Come nel campionato 1977-78, Roma-Juventus arriva a due giornate dal termine di un campionato che lascerà spazio al Mondiale in terra sud-americana: allora in Argentina, quest’anno in Brasile. Diversamente dal’ 78, però, la trasferta dell’Olimpico non influenzerà in alcun modo la classifica finale, visto che la Roma è da settimane sicura del secondo posto, mentre i nostri si sono laureati campioni d’Italia già domenica scorsa grazie al capitombolo dei giallorossi a Catania.
 
Nella sfida giocata il 30 aprile del 1978 invece entrambe le squadre erano ancora in lizza per i rispettivi obiettivi: la Roma doveva conquistare la matematica salvezza, mentre ai ragazzi del Trap mancava un solo punto per diventare campione d’Italia per la diciottesima volta, la seconda consecutiva.
 
Quella del 1977-78 era stata una stagione molto diversa da quella dell’anno precedente, che aveva visto duellare fino all’ultima giornata Juventus e Torino. Troppo forti i bianconeri per tutta la concorrenza. Solo il Milan ci aveva davvero provato ad inizio stagione, rimanendo capolista per qualche settimana. Con l’avvento dell’anno solare 1978 però Zoff e compagni avevano preso la testa della classifica per non mollarla più. Vani erano risultati anche gli ultimi disperati tentativi dei cugini granata e del sorprendente Vicenza di Paolo Rossi, che avevano cercato di approfittare, senza successo, di qualche punto di troppo concesso dalla capolista a causa dell’impegno in semifinale di Coppa dei Campioni contro i belgi del Bruges.
 
Alla vigilia del match dell’Olimpico tutto o quasi faceva presupporre che tricolore sarebbe stato: troppo ampio il divario tecnico tra le due squadre, oltre al beneaugurante precedente  di cinque anni quando, grazie ad un gol di Cuccureddu a tre minuti dalla fine dell’ultima partita (proprio contro la Roma), la Juve aveva vinto lo scudetto ai danni del Milan, incappato in una clamorosa sconfitta a Verona.
 
Al 3’ fu la Roma ad andare vicina al vantaggio a causa di uno stop errato di Gentile, che permise a Casaroli di battere a rete mandando di poco il pallone a lato.
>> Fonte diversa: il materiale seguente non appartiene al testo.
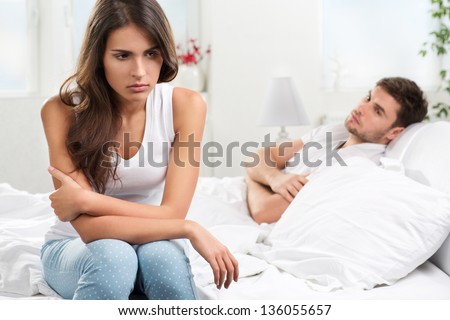 Portrait of unhappy young heterosexual couple in bedroom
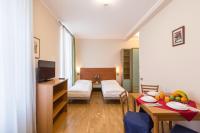 Postel nebo postele na pokoji v ubytování Duskova Apartments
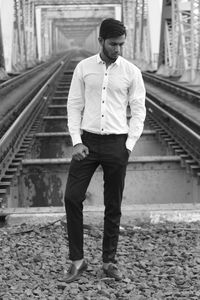 Full length of man standing on railroad track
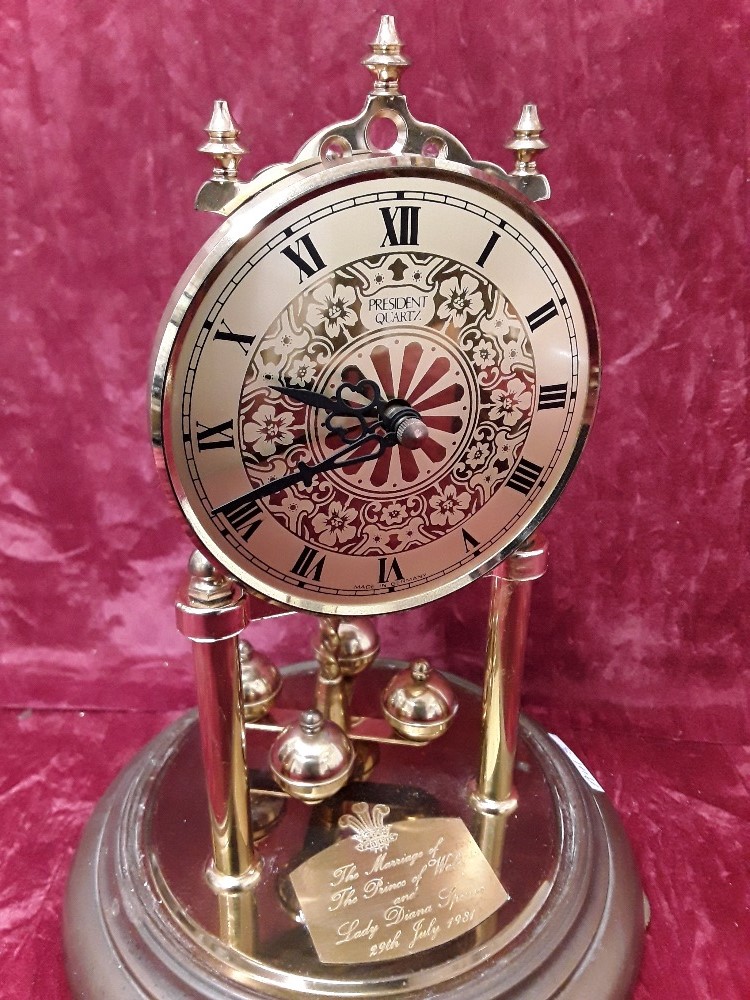 A revolving pendulum glass domed mantel clock with two brass supports. - Image 2 of 2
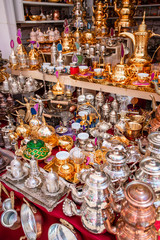 Traditional handmade tea and coffee sets or teapots for sale at the bazar souvenir market in Istanbul, Turkey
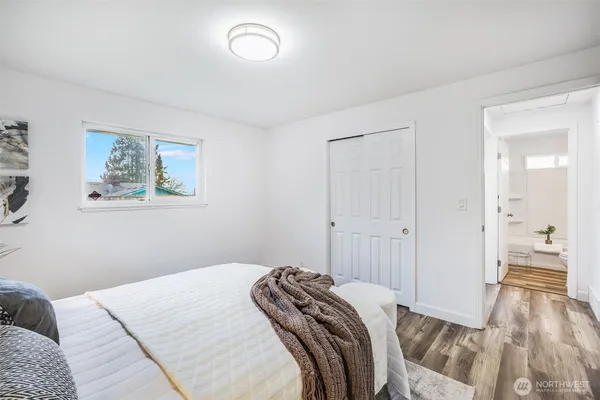 a bedroom with a bed and painting on the wall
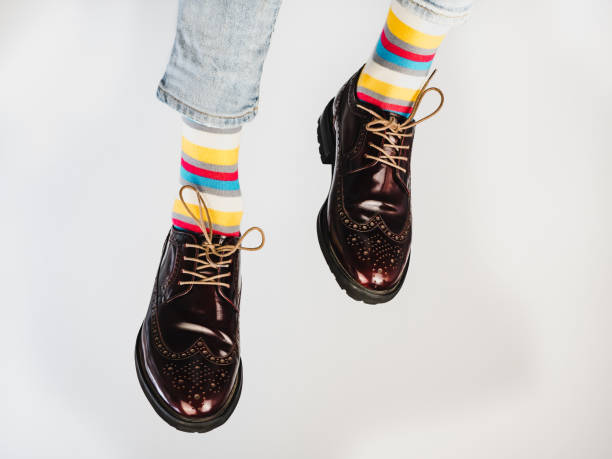 istock Men's legs in bright, striped, multi-colored socks 1069213870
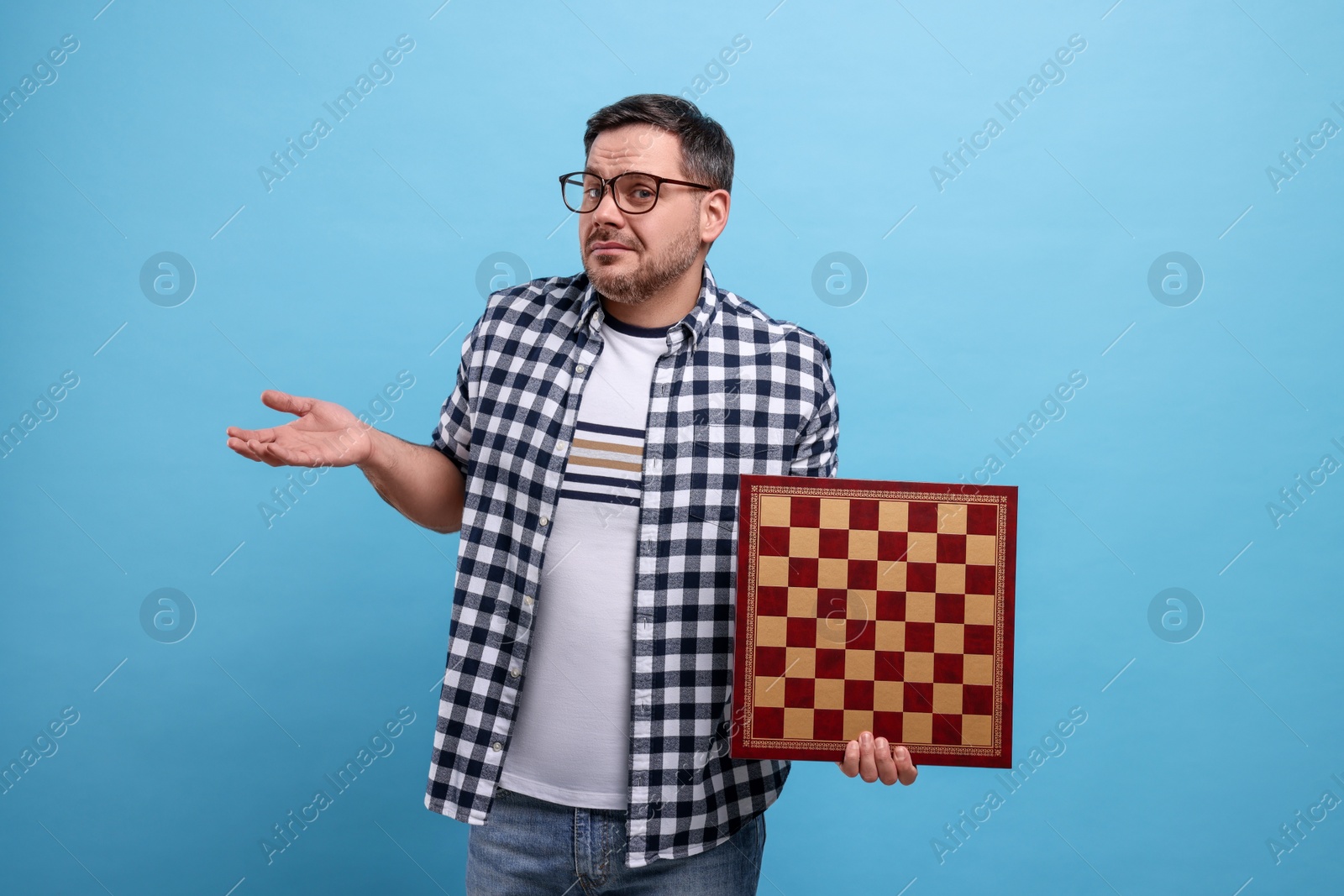 Photo of Puzzled man holding chessboard on light blue background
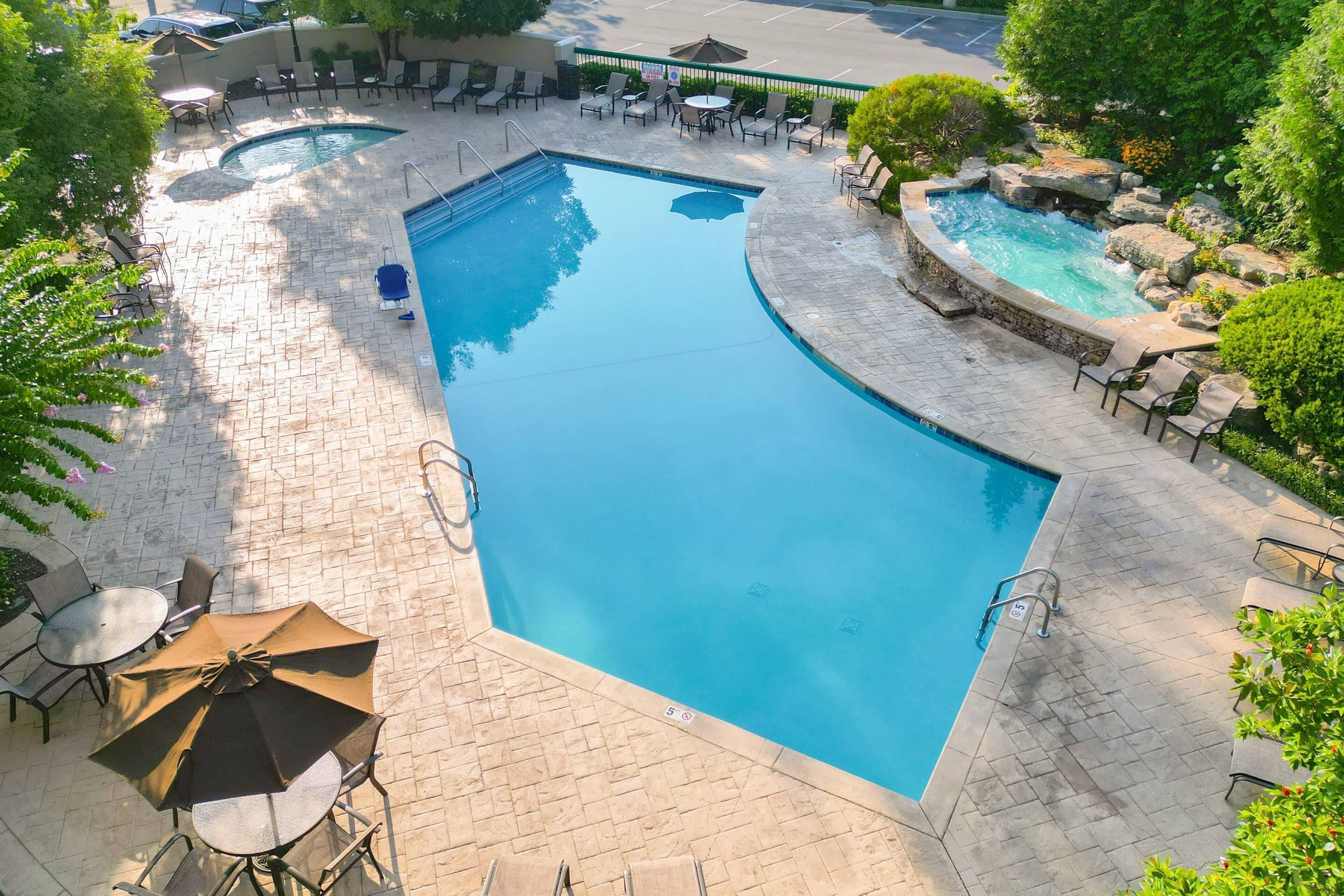 A swimming pool with a curved edge, surrounded by lounge chairs and a small waterfall feature.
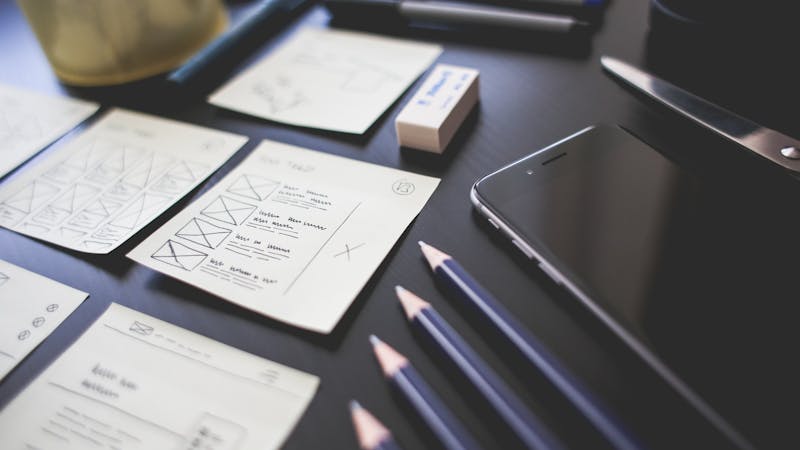 Wireframe and prototype sketches on a designer workspace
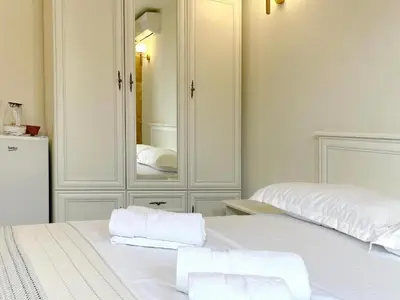 a white bedroom with a mirror and a bed at Guest House Bonaca in Ulcinj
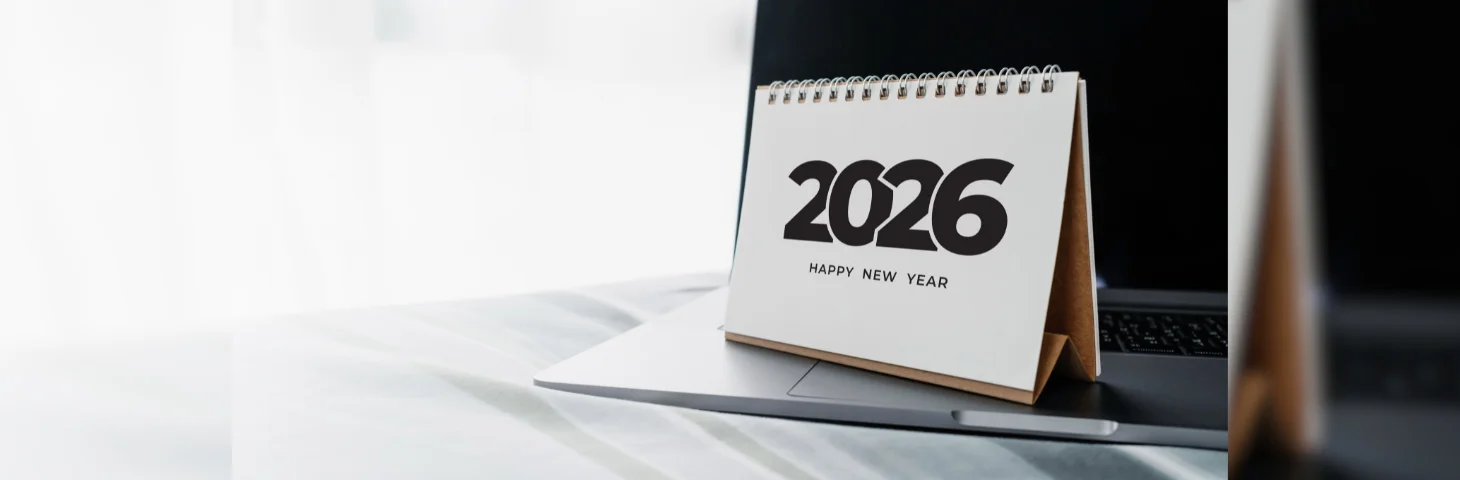 A 2026 calendar resting on an Apple Macbook.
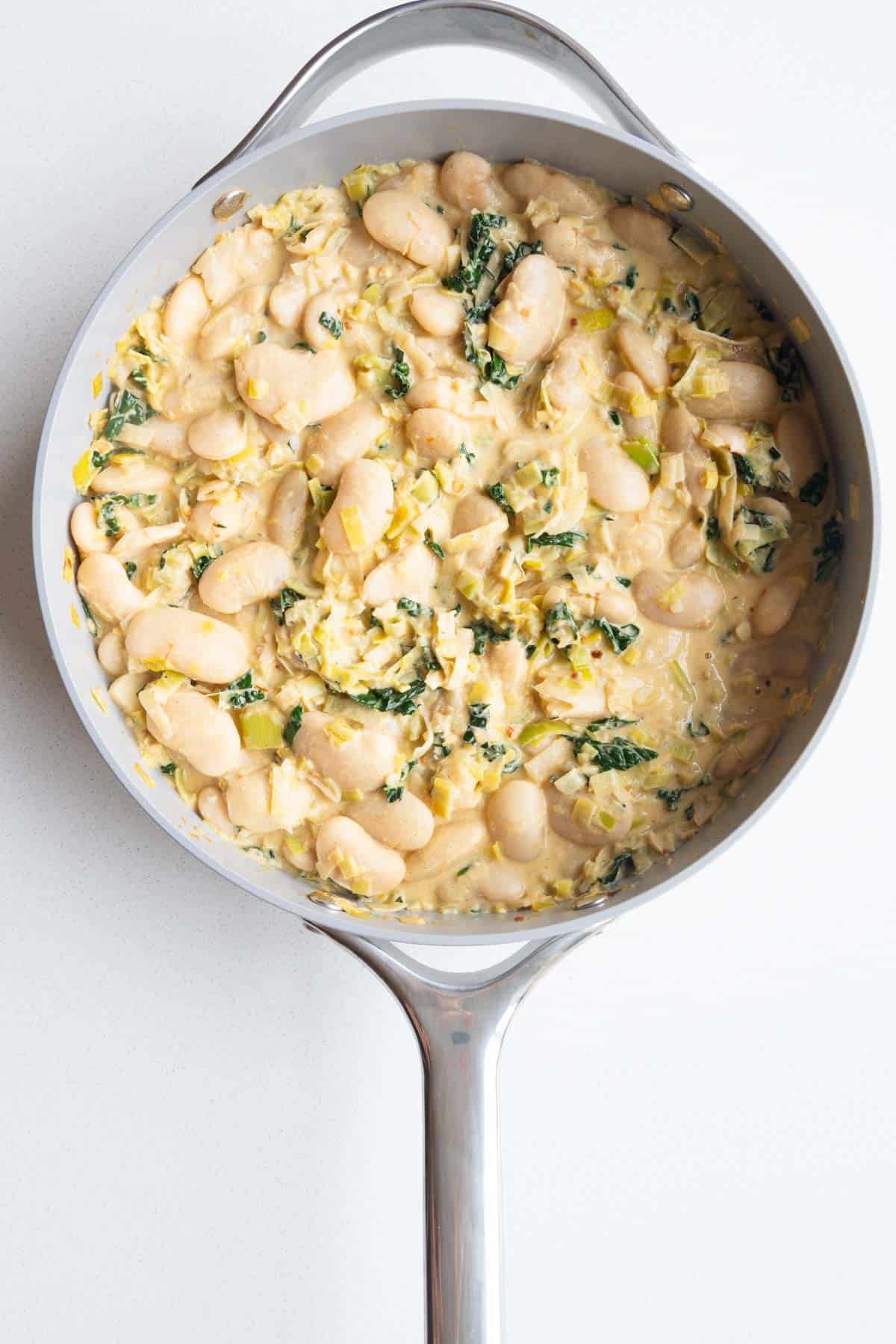 White beans cooking in a creamy dairy-free sauce.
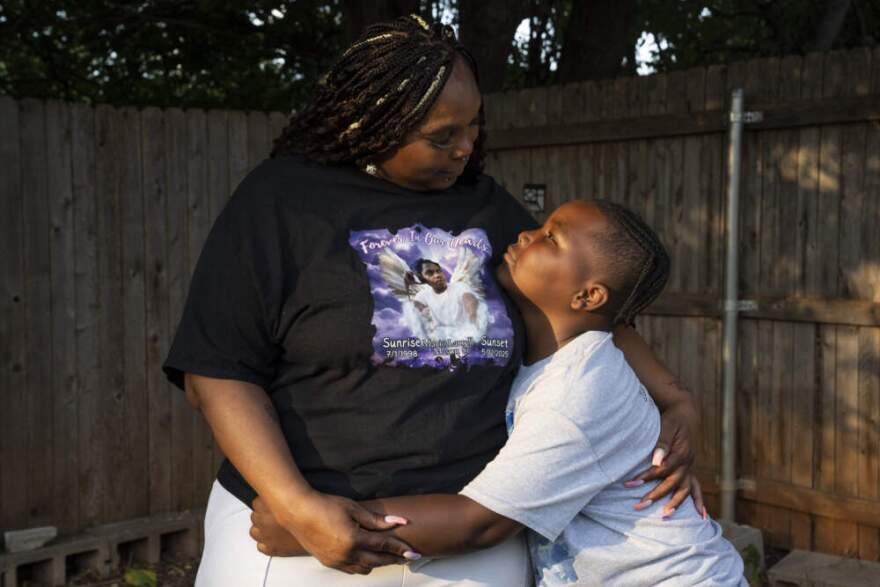 Cicely Mason hugs her grandson Mario Mason Jr. at her home in Oklahoma City, Oklahoma on Wednesday August 20, 2025. (Nick Oxford for Here & Now)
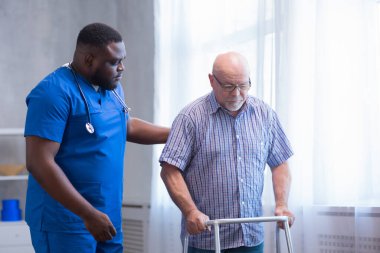 Bakıcı yaşlı adama Walker 'la yürümeyi öğretiyor. Bakımevindeki profesyonel hemşire ve hasta. Yardım, rehabilitasyon ve sağlık.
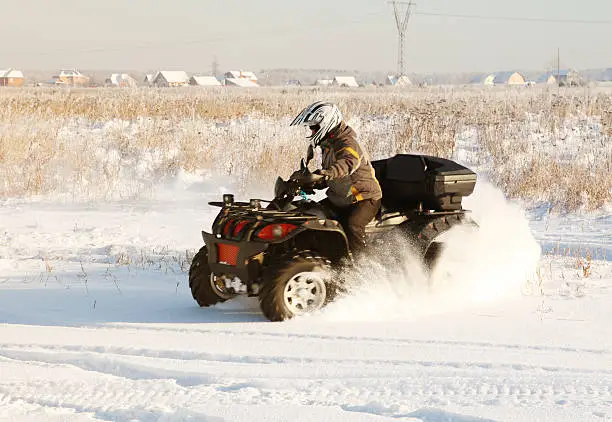 terrain vehicle in motion at winter sunny day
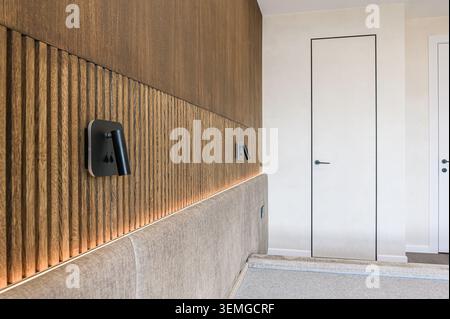 modern bedroom view showcases wooden wall panels with ambient lighting and sleek black lamps. Two white doors add to the minimalist design Stock Photo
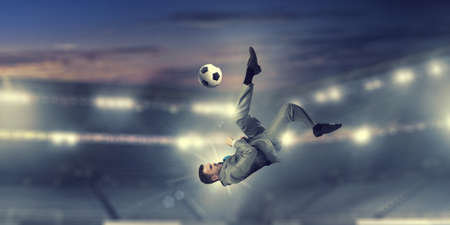 Young businessman in suit playing football at stadiumの写真素材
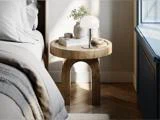 Et rundt natbord af træ med en lampe, en vase og en bog ved siden af en seng med gråt sengetøj, tæt ved et vindue med blå lister, hvor sollyset strømmer ind.
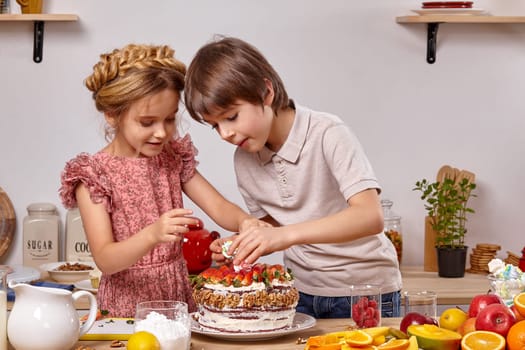 Handsome boy dressed in a light t-shirt and jeans and a beautiful girl with a braid in her hair, wearing in a pink dress are making a cake at a kitchen, against a white wall with shelves on it. They are carefully decorating it with some marshmallow.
Scampato il pericolo iniziale, la Juve si riorganizzò e guadagnò parecchi metri nel giro di pochi minuti, ma il gran caldo poco si conciliava con il mantenimento di  ritmi alti. Al 13’ Furino, dopo un doppio scambio con Gentile e Bettega, provò un tiro a volo che finì di poco a lato. Al 38’ fu Bettega a portare in vantaggio la Juve grazie ad un’azione personale conclusa con un destro che quasi piegò le mani a un non irresistibile Conti. Nel secondo tempo la Roma pareggiò subito i conti al 7' con Di Bartolomei bravo ad anticipare Cuccureddu mandando all’angolino una palla rinviata di testa da Scirea.
 
Fissato il risultato che accontentava tutte e due le squadre, la gara perse ogni significato, trascinandosi in quasi 40 minuti di melina e “tiracci” dalla distanza, tanto che l’emozione più grande fu proprio la sostituzione di Bettega, uscito acciaccato a dieci minuti dalla fine.
 
Al fischio finale, arrivato con mezzo minuto d’anticipo, tutti di corsa negli spogliatoi per sfuggire alla pacifica invasione di campo e per far scorrere lo champagne, a fiumi. Anche Boniperti, dopo aver abbandonato la tribuna nel primo tempo, come d’abitudine, scese con Trapattoni e giocatori a festeggiare e a chi gli chiedeva della possibilità di vincere il terzo scudetto di fila rispose: ”Nel dopoguerra solo il Grande Torino ci è riuscito, per noi è la seconda doppietta, arrivare a tre non sarà semplice, ma ci proveremo, come da tradizione”. Complici anche le fatiche mondiali dei nostri in Argentina, il tris non sarebbe arrivato l’anno successivo, e nemmeno in altri tentativi, ma solo 36 anni più tardi, in una domenica d’inizio maggio.